Wetlands as an NbS for water purification
- Sugadaira, Nagano, Japan

Wetlands and their vital importance as an NbS for water purification: A case study from Sugadaira, Nagano, Japan

Sugadaira is a village located in central Nagano Prefecture, Japan, that has an altitude of about 1,300 m above mean sea level and a cold climate with an average annual temperature of 6.5°C and snow cover from December to March. It is a popular ski and snowboard resort with a wide range of courses, regular powder snow conditions, and spectacular views of the surrounding regions. It is also very famous for hosting various sports camps and matches for soccer, mini golf, rugby, etc. In addition, agriculture is one of the main sources of livelihood for local people, so this area experiences intensive farming. A land use and land cover map is shown in Figure 1. Due to the excessive use of fertilizers, the quality of surface water bodies in Sugadaira have worsened in the last few years, especially in terms of nitrate concentrations. If the human body is exposed to high nitrate concentrations over a long period of time, it may cause various health issues, such as methemoglobinemia and blue baby syndrome.

Importance of NbS

Water quality deterioration is an important global environmental issue, and water treatment or purification using only man-made infrastructure is not a sustainable long-term solution. Most often this infrastructure is resource intensive (both in terms of money, land, and people) and may not be suitable for all locations. The management of such infrastructure also requires highly skilled people. Considering these shortcomings, decision makers are looking for alternate solutions i.e., NbS. For water quality improvement, various NbS are available, including the use of wetlands and vegetation such as water hyacinth.

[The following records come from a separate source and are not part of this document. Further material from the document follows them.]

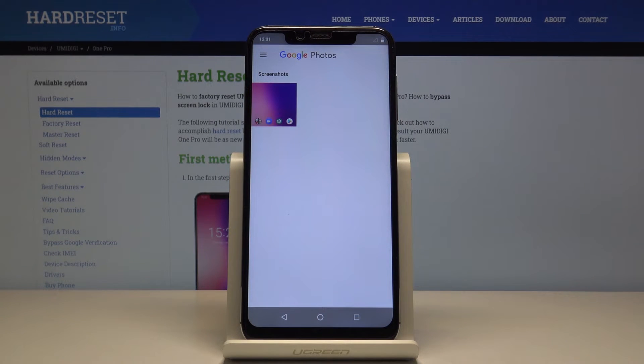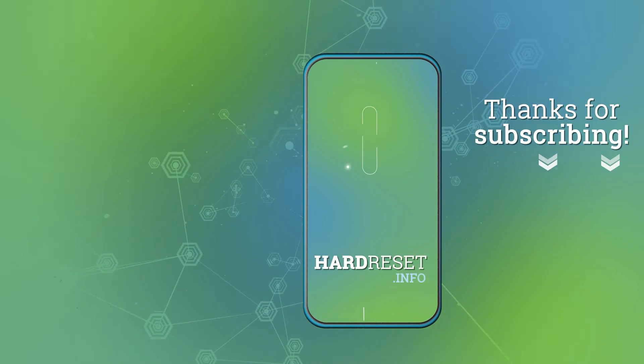So that is how you would capture a screenshot. If you found this very helpful, don't forget to hit like, subscribe, and thanks for watching. Take care.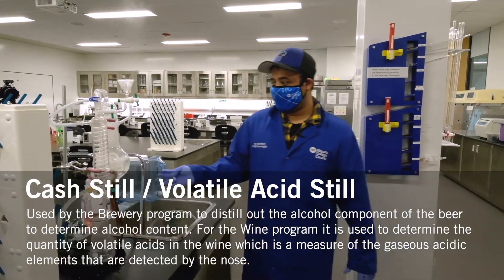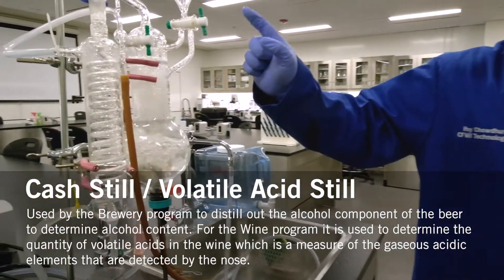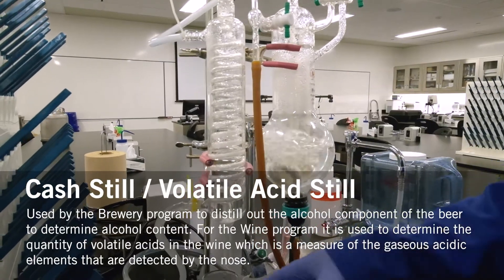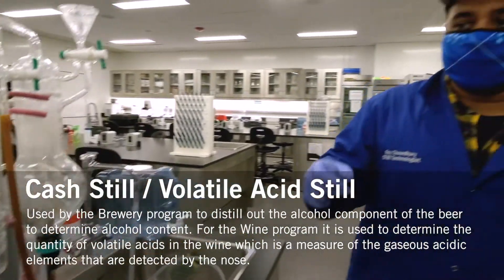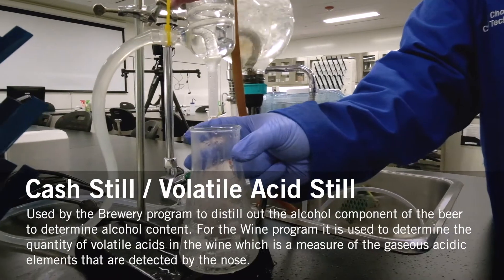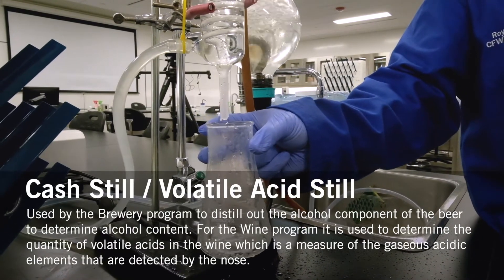This is the cashdough, used by the brew program and the wine program. What it does is — whatever sample you place in the inner chamber — it extracts the compounds and places them in this flask here. As mentioned earlier regarding the titration unit, they use that to determine the amounts present. The compounds being extracted are basically the alcohol percentage present in the sample.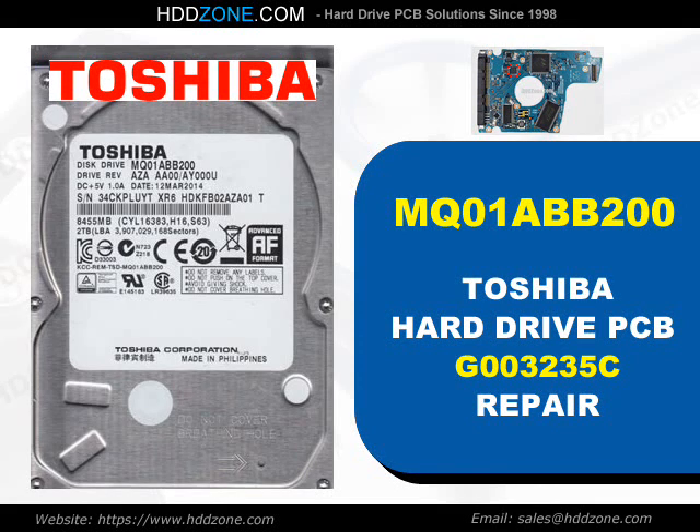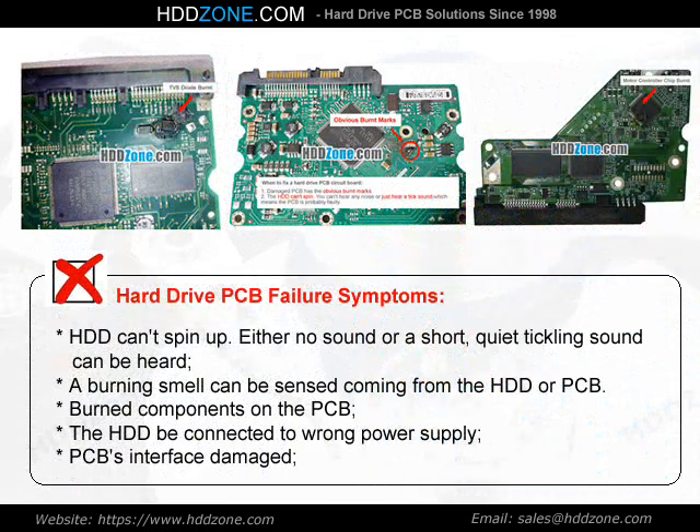Toshiba Hard Drive PCB Repair. Hard Drive PCB Failure Symptoms: the HDD can spin up with either no sound or a short, quiet clicking sound. A burning smell can be sensed coming from the HDD or PCB. Other symptoms include burned components on the PCB, the HDD being connected to a wrong power supply, or PCB interface damage.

Use of wetlands as an NbS for water quality improvement

Here, this research work showcasing the efficiency of wetlands for water quality improvement is summarized. Water samples were collected from in and around Sugadaira Wetland and various water quality parameters were analyzed. A very interesting pattern of nitrate concentration was observed, even within a small area (Figure 2). In Figure 2, the standard sample is shown in the legend and the concentration of nitrate is indicated by the line that extends from the bottom right corner of each plot. Water samples 1-4’, 2-2, and 2-5 had a relatively higher concentration of nitrate. To further investigate the main factor causing this water pollution, land use and land cover map was superimposed over the water quality distribution map. It was evident that the points that had high concentrations of nitrate were mostly from the left side of the mainstream in areas where agricultural activities and other processes like microbial mineralization are more extensive. Points lying on the right side of the mainstream or near the wetland had low concentrations of nitrate, indicative of anaerobic conditions in the wetland that enhance denitrification. Here, denitrification means changing the toxic nitrate compound into other less toxic compounds.

To show this whole process in a more simplistic way, a schematic diagram is presented in Figure 3. The processes influencing water quality in Sugadaira are localized nitrate enrichment from agricultural runoff, domestic sewage from an upstream watershed area, sulphate reduction and denitrification along the wetland area, and freshening phenomena in the downstream region.

This case study clearly shows the positive effect of wetlands on water quality improvement and hence the possibility to use wetlands as a part of an NbS should be further explored, especially in places with limited monetary resources.